%%

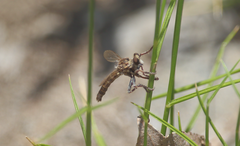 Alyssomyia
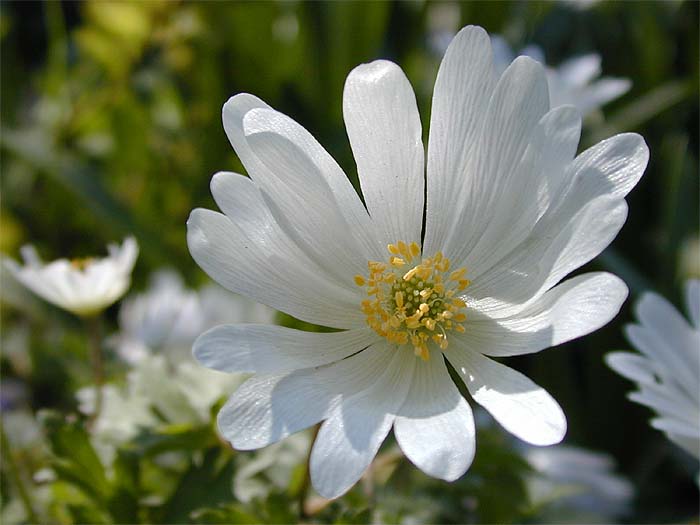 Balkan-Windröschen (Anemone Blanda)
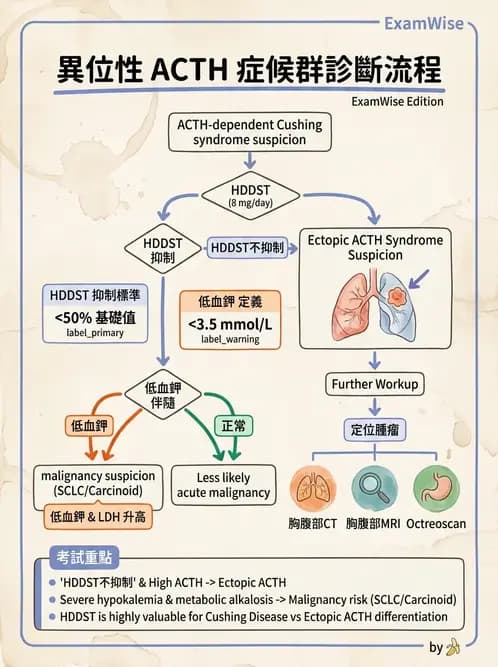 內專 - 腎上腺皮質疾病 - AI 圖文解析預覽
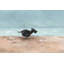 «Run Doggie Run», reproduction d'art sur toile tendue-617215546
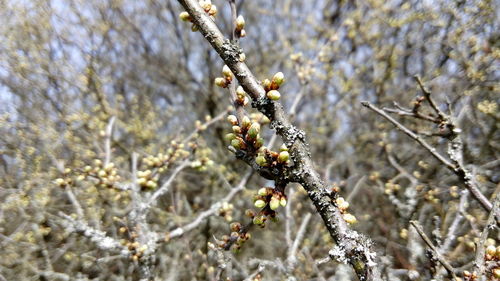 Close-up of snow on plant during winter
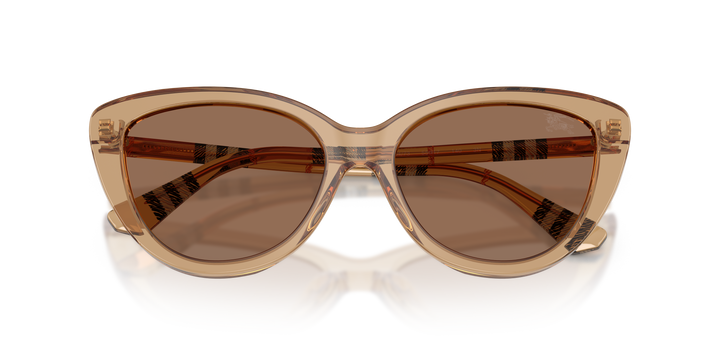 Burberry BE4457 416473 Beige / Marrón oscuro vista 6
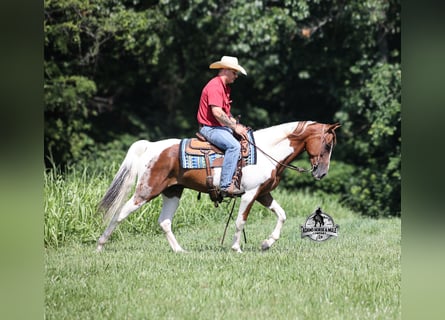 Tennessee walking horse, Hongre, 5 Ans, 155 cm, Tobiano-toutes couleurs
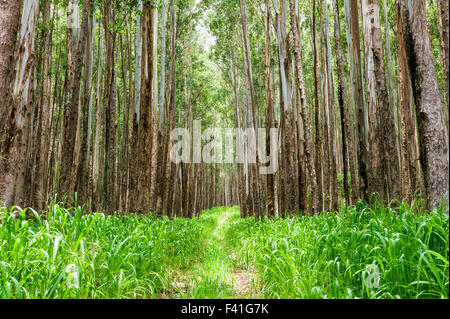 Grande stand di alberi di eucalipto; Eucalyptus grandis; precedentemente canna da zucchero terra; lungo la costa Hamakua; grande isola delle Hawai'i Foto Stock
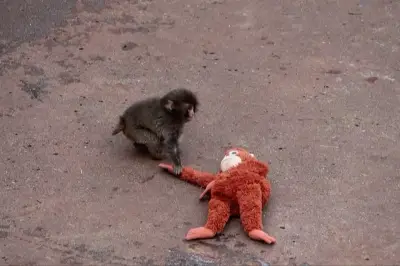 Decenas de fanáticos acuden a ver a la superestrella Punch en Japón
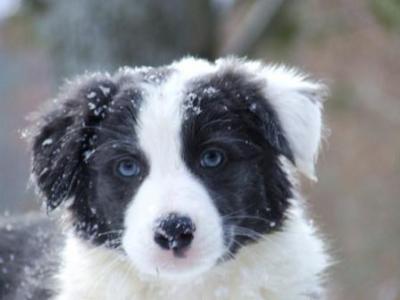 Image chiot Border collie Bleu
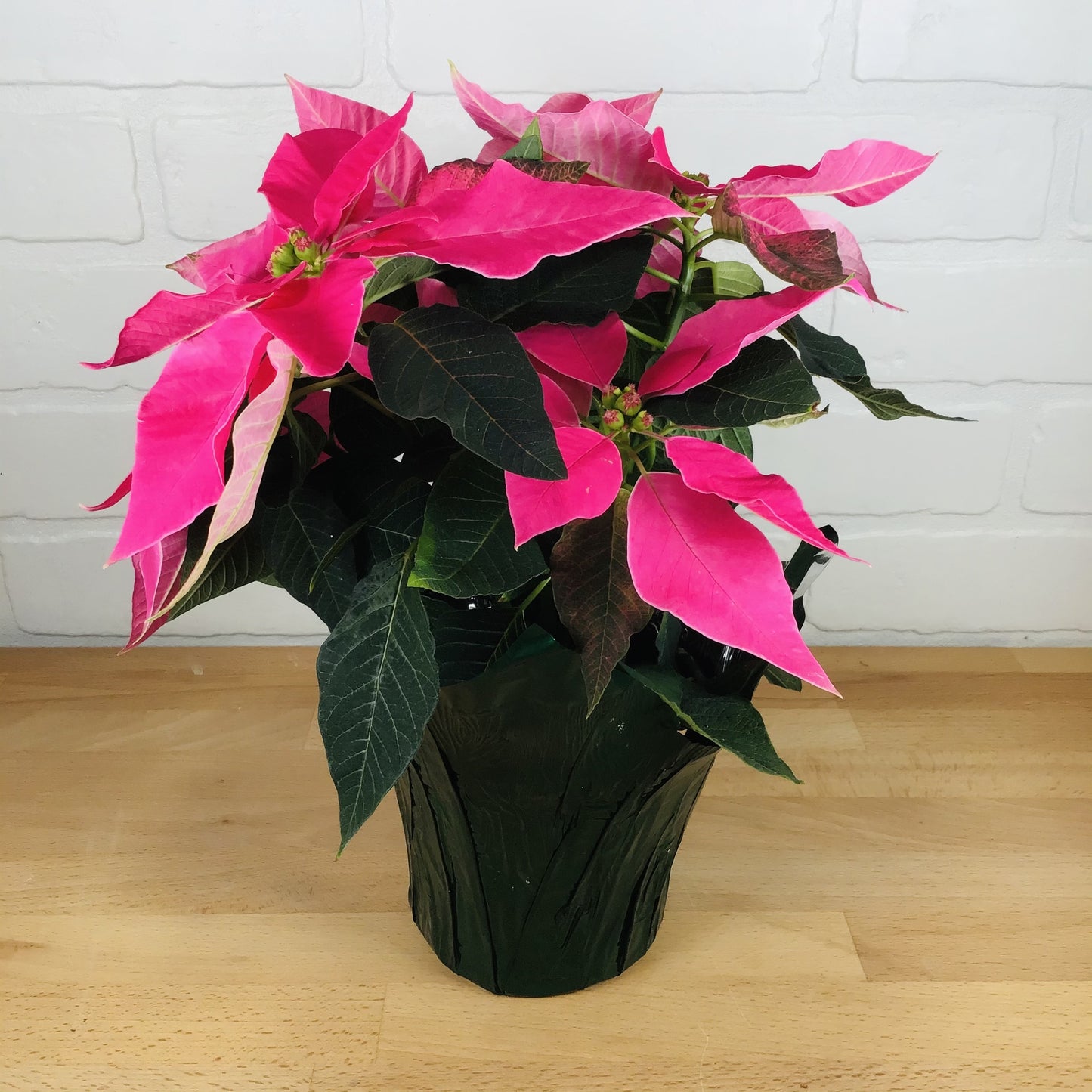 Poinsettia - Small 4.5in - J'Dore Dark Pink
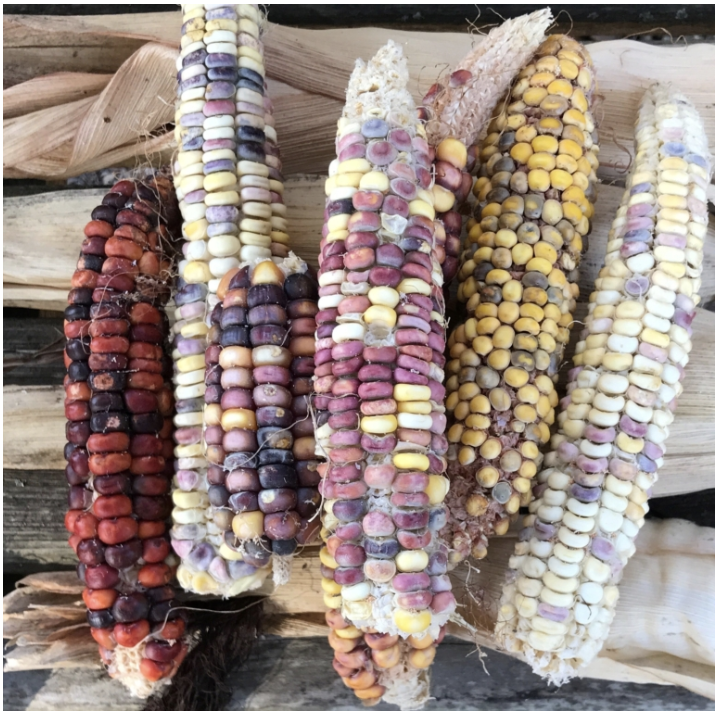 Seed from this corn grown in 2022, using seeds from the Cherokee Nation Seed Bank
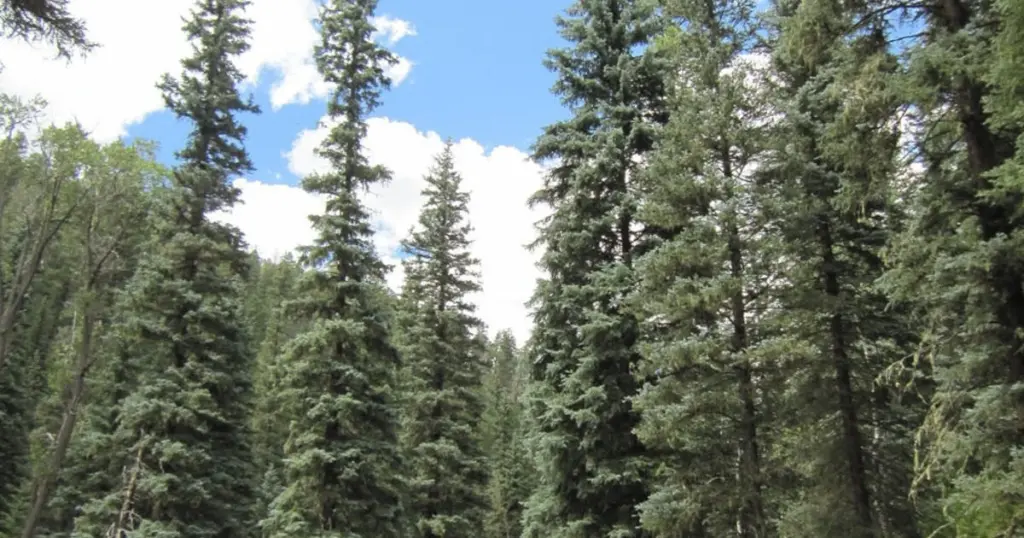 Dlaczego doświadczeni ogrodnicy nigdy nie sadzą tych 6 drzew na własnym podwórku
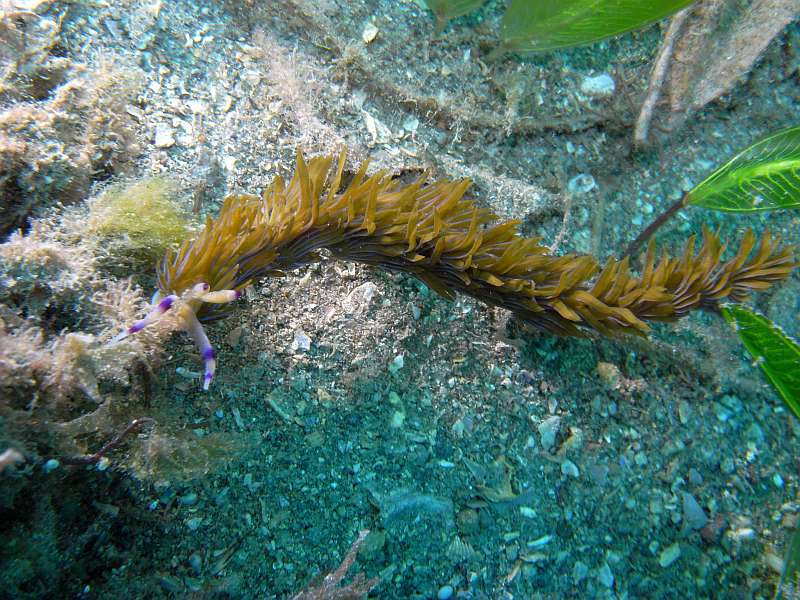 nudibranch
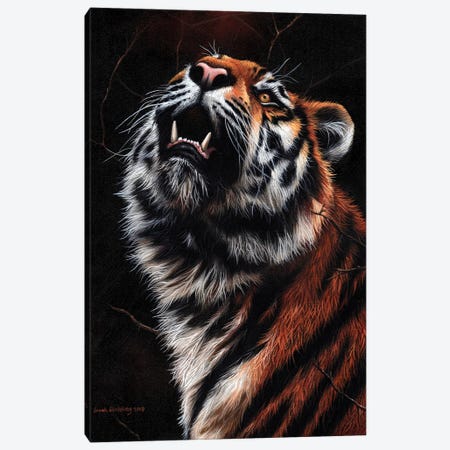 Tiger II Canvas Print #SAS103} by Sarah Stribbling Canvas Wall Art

%%

* TASK ITEM
A word-for-word copy of the entries above is needed, with every picture dropped.

* WRITTEN ANSWER
 Alyssomyia
 Balkan-Windröschen (Anemone Blanda)
 內專 - 腎上腺皮質疾病 - AI 圖文解析預覽
 «Run Doggie Run», reproduction d'art sur toile tendue-617215546
 Close-up of snow on plant during winter
 Burberry BE4457 416473 Beige / Marrón oscuro vista 6
 Tennessee walking horse, Hongre, 5 Ans, 155 cm, Tobiano-toutes couleurs
 Grande stand di alberi di eucalipto; Eucalyptus grandis; precedentemente canna da zucchero terra; lungo la costa Hamakua; grande isola delle Hawai'i Foto Stock
 Decenas de fanáticos acuden a ver a la superestrella Punch en Japón
 Image chiot Border collie Bleu
 Poinsettia - Small 4.5in - J'Dore Dark Pink
 Seed from this corn grown in 2022, using seeds from the Cherokee Nation Seed Bank
 Dlaczego doświadczeni ogrodnicy nigdy nie sadzą tych 6 drzew na własnym podwórku
 nudibranch
 Tiger II Canvas Print #SAS103} by Sarah Stribbling Canvas Wall Art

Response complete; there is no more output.